* _DATA SEGMENT_:

-*-

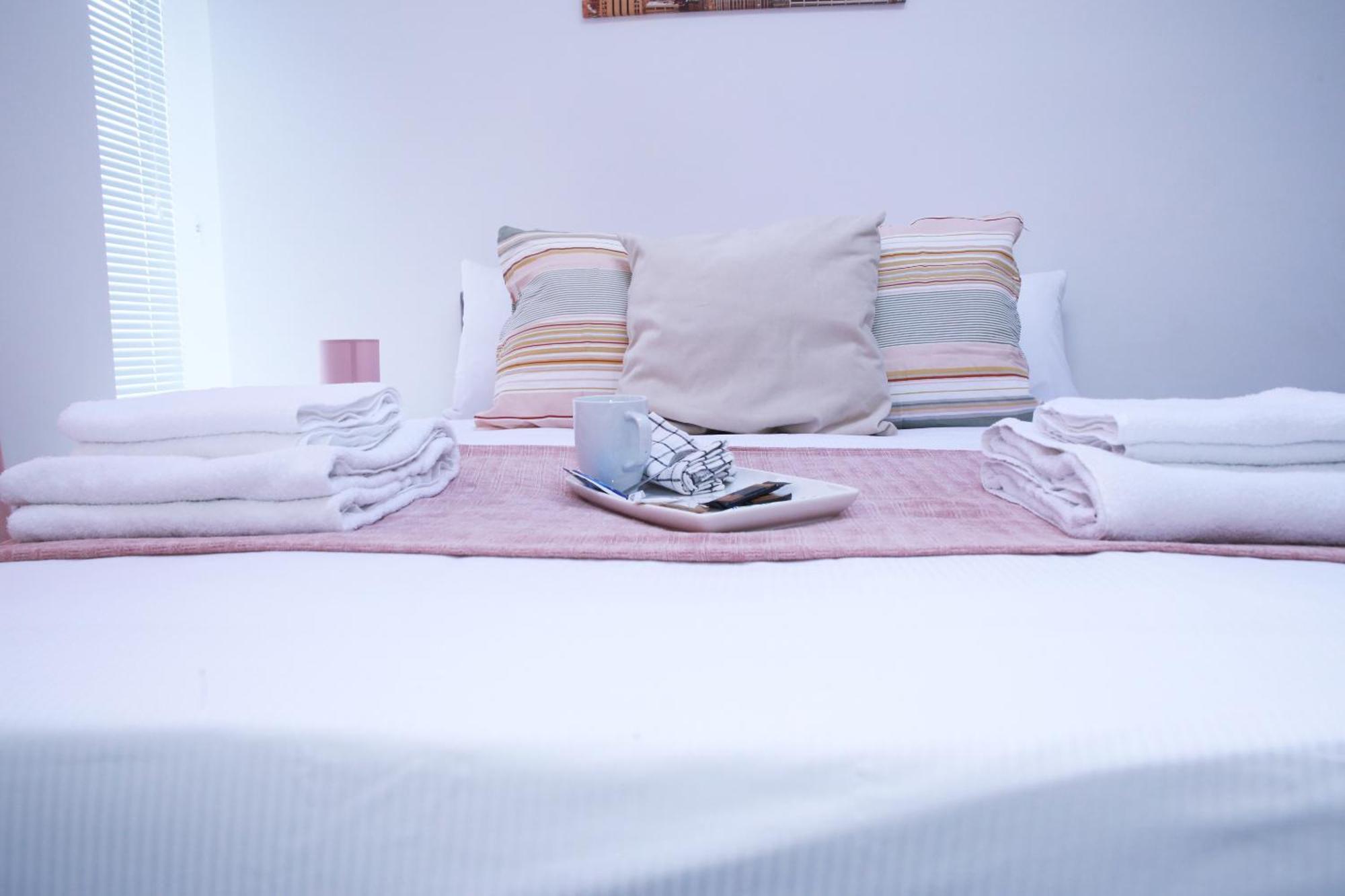 Harrow Luxury Flat With Free Parking. Daire Londra Dış mekan fotoğraf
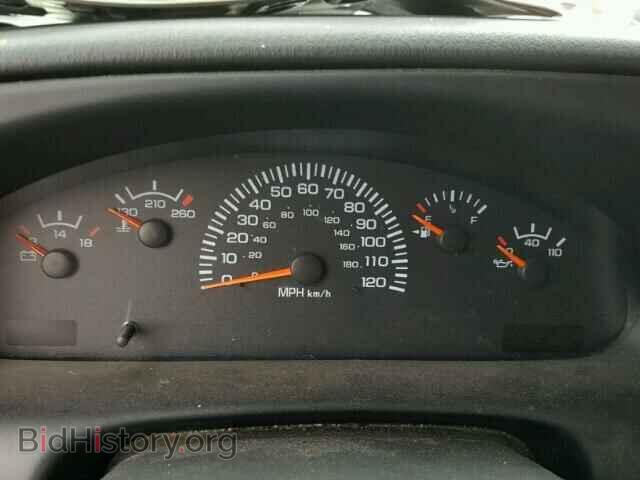 2002 Dodge RAM VAN (VIN 2B7HB11Y52K130235) — photo 8 of 10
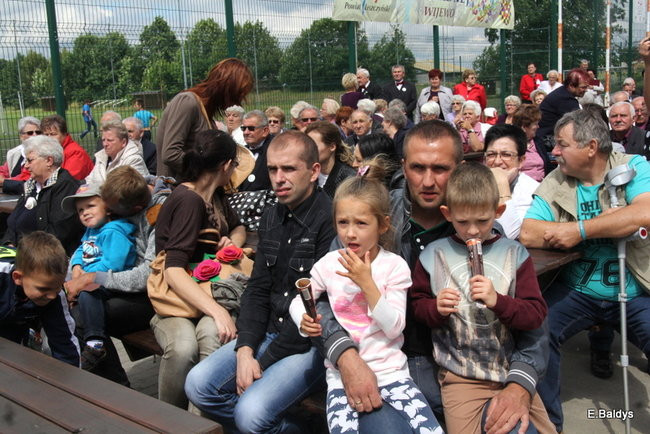 Biesiadne śpiewanie w Wijewie (zdjęcia)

-*-

* _REQUIRED ACTION_: Each line above should be written out again exactly, and no picture should appear in the copy.

* _SOLUTION FOR THIS PROBLEM_:
 Harrow Luxury Flat With Free Parking. Daire Londra Dış mekan fotoğraf
 2002 Dodge RAM VAN (VIN 2B7HB11Y52K130235) — photo 8 of 10
 Biesiadne śpiewanie w Wijewie (zdjęcia)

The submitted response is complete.